Exercise instructions: The records that follow are to be repeated exactly, with the pictures removed.

[[ Excerpted data, beginning ]]

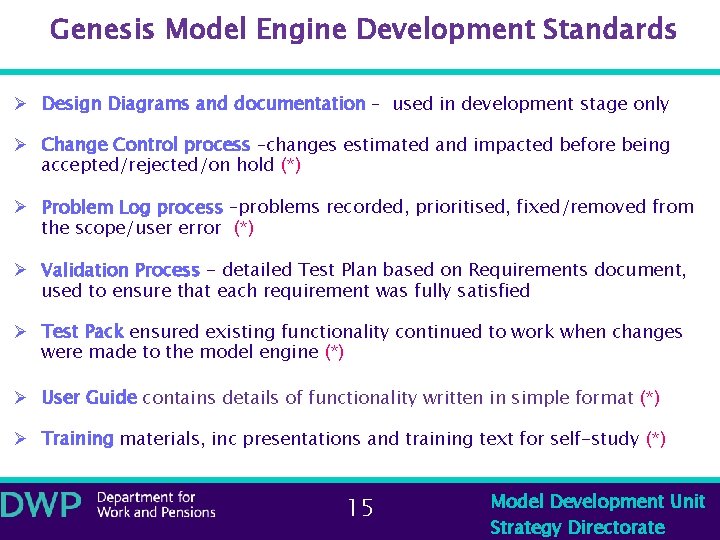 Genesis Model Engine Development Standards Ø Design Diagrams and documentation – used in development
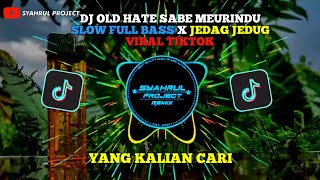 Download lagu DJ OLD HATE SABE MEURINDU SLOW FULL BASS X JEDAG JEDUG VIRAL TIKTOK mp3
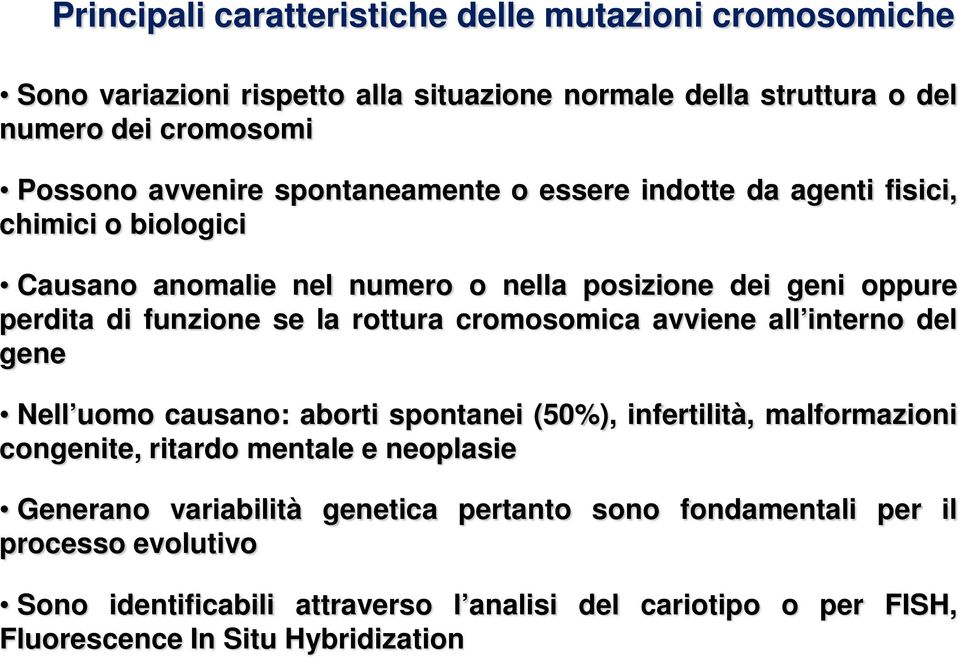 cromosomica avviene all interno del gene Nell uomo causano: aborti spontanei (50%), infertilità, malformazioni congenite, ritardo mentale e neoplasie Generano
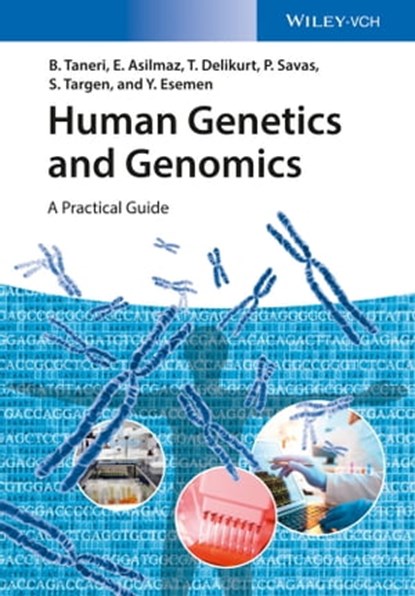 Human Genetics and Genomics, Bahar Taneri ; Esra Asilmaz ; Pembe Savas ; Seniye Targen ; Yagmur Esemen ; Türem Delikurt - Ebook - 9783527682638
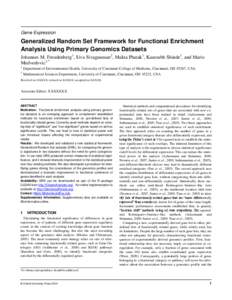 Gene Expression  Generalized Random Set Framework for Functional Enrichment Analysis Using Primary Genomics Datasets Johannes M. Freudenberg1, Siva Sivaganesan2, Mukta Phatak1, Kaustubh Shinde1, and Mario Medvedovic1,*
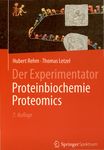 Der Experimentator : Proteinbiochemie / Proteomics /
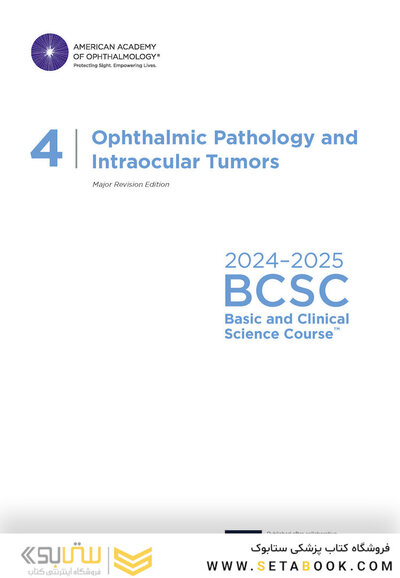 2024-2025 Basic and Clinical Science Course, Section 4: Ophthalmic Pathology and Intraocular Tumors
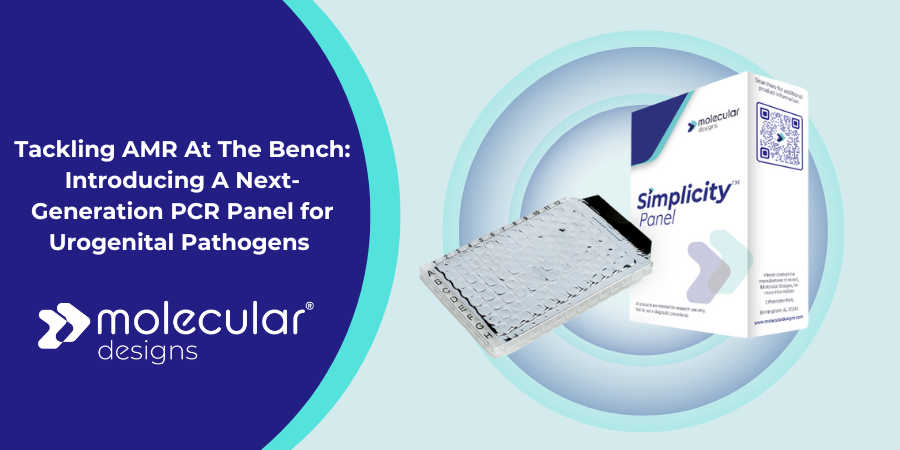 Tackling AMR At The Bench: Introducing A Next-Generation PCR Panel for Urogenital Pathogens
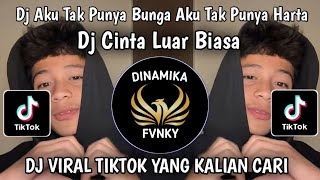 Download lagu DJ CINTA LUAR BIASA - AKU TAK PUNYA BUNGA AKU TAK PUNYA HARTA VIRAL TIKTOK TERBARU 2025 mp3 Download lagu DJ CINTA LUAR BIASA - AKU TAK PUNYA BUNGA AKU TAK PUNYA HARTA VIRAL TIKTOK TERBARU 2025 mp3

[[ Excerpted data, end ]]

Answer box:
 Genesis Model Engine Development Standards Ø Design Diagrams and documentation – used in development
 Download lagu DJ OLD HATE SABE MEURINDU SLOW FULL BASS X JEDAG JEDUG VIRAL TIKTOK mp3
 cromosomica avviene all interno del gene Nell uomo causano: aborti spontanei (50%), infertilità, malformazioni congenite, ritardo mentale e neoplasie Generano
 Human Genetics and Genomics, Bahar Taneri ; Esra Asilmaz ; Pembe Savas ; Seniye Targen ; Yagmur Esemen ; Türem Delikurt - Ebook - 9783527682638
 Gene Expression  Generalized Random Set Framework for Functional Enrichment Analysis Using Primary Genomics Datasets Johannes M. Freudenberg1, Siva Sivaganesan2, Mukta Phatak1, Kaustubh Shinde1, and Mario Medvedovic1,*
 Der Experimentator : Proteinbiochemie / Proteomics /
 2024-2025 Basic and Clinical Science Course, Section 4: Ophthalmic Pathology and Intraocular Tumors
 Tackling AMR At The Bench: Introducing A Next-Generation PCR Panel for Urogenital Pathogens
 Download lagu DJ CINTA LUAR BIASA - AKU TAK PUNYA BUNGA AKU TAK PUNYA HARTA VIRAL TIKTOK TERBARU 2025 mp3 Download lagu DJ CINTA LUAR BIASA - AKU TAK PUNYA BUNGA AKU TAK PUNYA HARTA VIRAL TIKTOK TERBARU 2025 mp3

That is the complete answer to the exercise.